Note that the Ar3 temperature is calculated based on the following equation.
Ar3=901−325>C+33×Si−92×(Mn+Ni/2+Cr/2+Cu/2+Mo/2)+52×Al
In the above equation, C, Si, Mn, Ni, Cr, Cu, Mo, and Al represent contents [mass %] of respective elements. An element which is not contained is calculated as 0.
A lower limit of the finish rolling temperature being a completion temperature of hot rolling is set to a higher temperature between 850° C. and the Ar3 temperature. If the finish rolling temperature is less than 850° C., the rolling load during the finish rolling increases, and there is a concern that the hot rolling may become difficult to be performed or the shape of the hot-rolled steel sheet obtained after the hot rolling may be defective. Further, if the finish rolling temperature is less than the Ar3 temperature, the hot rolling becomes two-phase rolling of ferrite and austenite, and the structure of the hot-rolled steel sheet sometimes becomes a heterogeneous duplex grain structure.
On the other hand, although the effect of the present invention is exhibited without particularly determining an upper limit of the finish rolling temperature, when the finish rolling temperature is set to an excessively high temperature, it is necessary to set the slab heating temperature to an excessively high temperature for securing the finish rolling temperature. For this reason, it is desirable to set the upper limit temperature of the finish rolling temperature to 1000° C. or less.

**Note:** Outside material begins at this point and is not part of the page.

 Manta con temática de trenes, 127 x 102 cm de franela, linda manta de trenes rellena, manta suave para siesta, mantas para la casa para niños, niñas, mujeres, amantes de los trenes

Next, first cooling of performing cooling in a range from the completion of rolling to the start of coiling at a rate of 10° C./second or more on average is conducted, and coiling is performed in a range of coiling temperature of 600 to 750° C. Further, second cooling of cooling the coiled steel sheet in a range of the coiling temperature to (the coiling temperature—100)° C. at a rate of 15° C./hour or less on average is conducted.

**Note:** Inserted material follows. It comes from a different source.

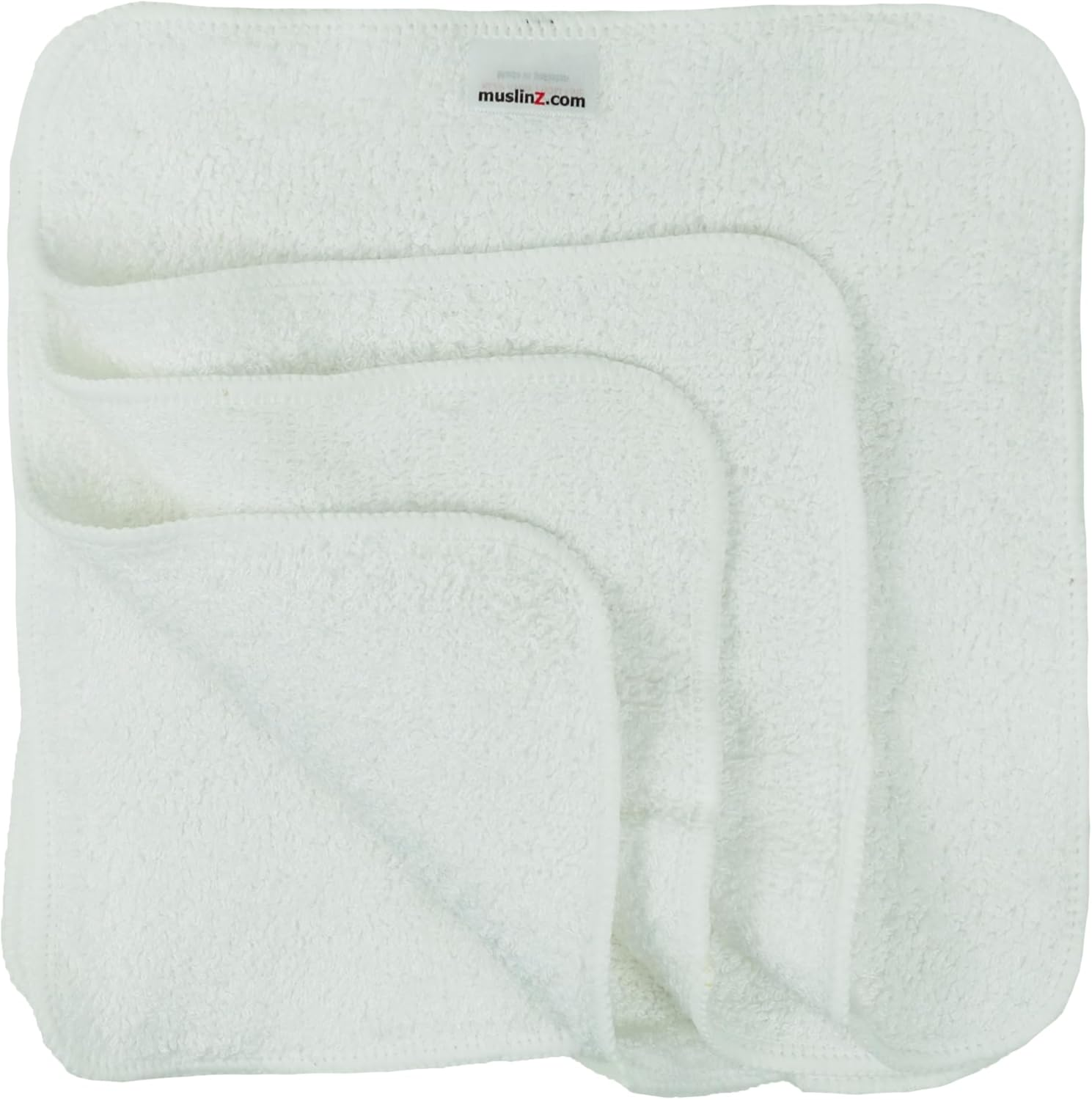 Muslinz 12PK Reusable Bamboo Cotton Terry Wipes 20X20 Cms Face Cloth Baby Wipes (White) - Off White image number 5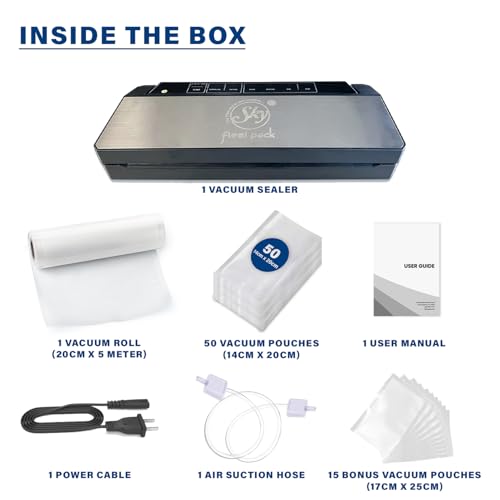 Image of Vacuum Sealer Machine With 1 Vacuum Roll & 50 Vacuum Pouches | Automatic Dry & Wet Sealing | Stainless Steel Cover For Food Packing Home & Small Business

The reason why the coiling condition after the hot rolling and the cooling conditions before and after the coiling are defined as above will be described in detail.
In the present embodiment, the coiling step after the hot rolling and the first and second cooling steps before and after the coiling step are very important steps for distributing Si, Mn and Al.
In the present embodiment, in order to control the distributions of Si, Mn, and Al concentrations in the base iron at ⅛ thickness to ⅜ thickness of the steel sheet, it is required that the volume fraction of austenite is 50% or more at ⅛ thickness to ⅜ thickness after the steel sheet is coiled. If the volume fraction of austenite at ⅛ thickness to ⅜ thickness is less than 50%, austenite disappears right after the coiling due to a progress of phase transformation, so that the distributions of Si and Mn do not sufficiently proceed, resulting in that the concentration distributions of solid-solution elements of the steel sheet according to the present embodiment as described above cannot be obtained. In order to effectively facilitate the distribution of Mn, the volume fraction of austenite is preferably 70% or more, and is more preferably 80% or more. On the other hand, even if the volume fraction of austenite is 100%, the phase transformation proceeds after the coiling, ferrite is generated, and the distribution of Mn is started, so that an upper limit of the volume fraction of austenite is not particularly provided.
As described above, in order to increase the austenite fraction when coiling the steel sheet, it is required to set the cooling rate in the first cooling in the temperature range from the completion of hot rolling to the coiling to 10° C./second or more on average. If the average cooling rate in the first cooling is less than 10° C./second, ferrite transformation proceeds during the cooling, and there is a possibility that the volume fraction of austenite during the coiling becomes less than 50%. In order to increase the volume fraction of austenite, the cooling rate is preferably 13° C./second or more, and is more preferably 15° C./second or more. Although the effect of the present invention is exhibited without particularly determining an upper limit of the cooling rate, the cooling rate is preferably set to 200° C./second or less, since a special facility is required to obtain the cooling rate of more than 200° C./second, and manufacturing costs significantly increase.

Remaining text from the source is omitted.